Let's consider the polynomials
$$ p_n(x) = \prod_{i=0}^{n-1}(x-i)=\sum_{i=1}^{n} a_{n,i}x^i$$.
for all $n \in \mathbb{N}$. If $n=1$, then $p_1(x) = x$ and $a_{1,1} = 1$.
Since I know that:
$$p_{n+1}(x) = p_n(x)(x-n)$$
then I can deduce the following:
$$\begin{eqnarray} \sum_{i=1}^{n+1} a_{n+1,i}x^i & = & \sum_{i=1}^{n} a_{n,i}x^i(x-n) = \\ & = & \sum_{i=1}^{n} a_{n,i}x^{i+1}-\sum_{i=1}^{n} na_{n,i}x^i = \\ & = & \sum_{i=2}^{n+1} a_{n,i-1}x^{i}-\sum_{i=1}^{n} na_{n,i}x^i = \\ & = & a_{n,n}x^{n+1} + \sum_{i=2}^{n} (a_{n,i-1}-na_{n,i})x^i -na_{n,1}x.\\ \end{eqnarray}$$
Then I get this recurrence relation for the coefficients $a$:
$$\left\{\begin{array}{lcll} a_{n+1,n+1} & = & a_{n,n} & \\ a_{n+1,i} & = & a_{n,i-1}-na_{n,i} &~\forall i \in \{2, \ldots, n\}, ~\forall n \geq 2 \\ a_{n+1,1} & = & -na_{n,1} & \\ a_{1,1} & = & 1 & \end{array}\right.$$
Is this right?

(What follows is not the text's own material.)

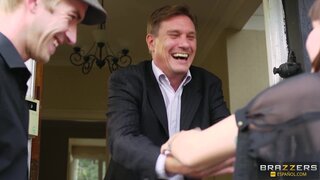 - Conoce a mis padres - 09/24/2015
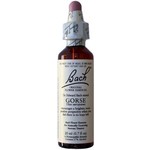 BACH FLOWER REMEDIES BACH FLOWER GORSE 20ML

I wrote a Matlab code for this but it seems to work only up to $n=19$!!! I mean, I produce two polynomials, one using the formula
$$p_n(x) = \prod_{i=0}^{n-1}(x-i)$$
and one using the recurrence relation I found. When $n=20$, the difference between the two polynomial is not $0$. Is my maths correct or I have to review my code?
Hint: $a_{n,i}$ are the Stirling numbers of the first kind